Can types replace validation?

With some examples in C#.

In a comment to my article on ASP.NET validation revisited Maurice Johnson asks:

"I was just wondering, is it possible to use the type system to do the validation instead ?

"What I mean is, for example, to make all the ReservationDto's field a type with validation in the constructor (like a class name, a class email, and so on). Normally, when the framework will build ReservationDto, it will try to construct the fields using the type constructor, and if there is an explicit error thrown during the construction, the framework will send us back the error with the provided message.

"Plus, I think types like "email", "name" and "at" are reusable. And I feel like we have more possibilities for validation with that way of doing than with the validation attributes.

"What do you think ?"

Maurice Johnson

I started writing a response below the question, but it grew and grew so I decided to turn it into a separate article. I think the question is of general interest.

The halting problem #

I'm all in favour of using the type system for encapsulation, but there are limits to what it can do. We know this because it follows from the halting problem.

I'm basing my understanding of the halting problem on my reading of The Annotated Turing. In short, given an arbitrary computer program in a Turing-complete language, there's no general algorithm that will determine whether or not the program will finish running.

A compiler that performs type-checking is a program, but typical type systems aren't Turing-complete. It's possible to write type checkers that always finish, because the 'programming language' they are running on - the type system - isn't Turing-complete.

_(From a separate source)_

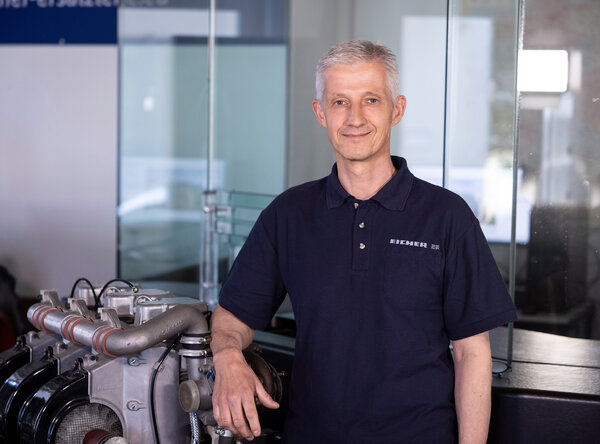 Mitarbeiter Peter Schmid der Eicher Vertriebs GmbH im Portrait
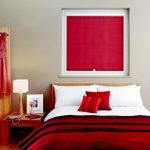 Tirai merah untuk bilik tidur dengan hiasan merah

Normal type systems (like C#'s) aren't Turing-complete. You expect the C# compiler to always arrive at a result (either compiled code or error) in finite time. As a counter-example, consider Haskell's type system. By default it, too, isn't Turing-complete, but with sufficient language extensions, you can make it Turing-complete. Here's a fun example: Typing the technical interview by Kyle Kingsbury (Aphyr). When you make the type system Turing-complete, however, termination is no longer guaranteed. A program may now compile forever or, practically, until it times out or runs out of memory. That's what happened to me when I tried to compile Kyle Kingsbury's code example.

How is this relevant?

This matters because understanding that a normal type system is not Turing-complete means that there are truths it can't express. Thus, we shouldn't be surprised if we run into rules or policies that we can't express with the type system we're given. What exactly is inexpressible depends on the type system. There are policies you can express in Haskell that are impossible to express in C#, and so on. Let's stick with C#, though. Here are some examples of rules that are practically inexpressible:

An integer must be positive.
A string must be at most 100 characters long.
A maximum value must be greater than a minimum value.
A value must be a valid email address.

Hillel Wayne provides more compelling examples in the article Making Illegal States Unrepresentable.

Encapsulation #

Depending on how many times you've been around the block, you may find the above list naive. You may, for example, say that it's possible to express that an integer is positive like this:

public struct NaturalNumber : IEquatable<NaturalNumber>
{
    private readonly int i;
 
    public NaturalNumber(int candidate)
    {
        if (candidate < 1)
            throw new ArgumentOutOfRangeException(
                nameof(candidate),
                $"The value must be a positive (non-zero) number, but was: {candidate}.");
 
        this.i = candidate;
    }
 
    // Various other members follow...

I like introducing wrapper types like this. To the inexperienced developer this may seem redundant, but using a wrapper like this has several advantages. For one, it makes preconditions explicit. Consider a constructor like this:

public Reservation(
    Guid id,
    DateTime at,
    Email email,
    Name name,
    NaturalNumber quantity)

What are the preconditions that you, as a client developer, has to fulfil before you can create a valid Reservation object? First, you must supply five arguments: id, at, email, name, and quantity. There is, however, more information than that.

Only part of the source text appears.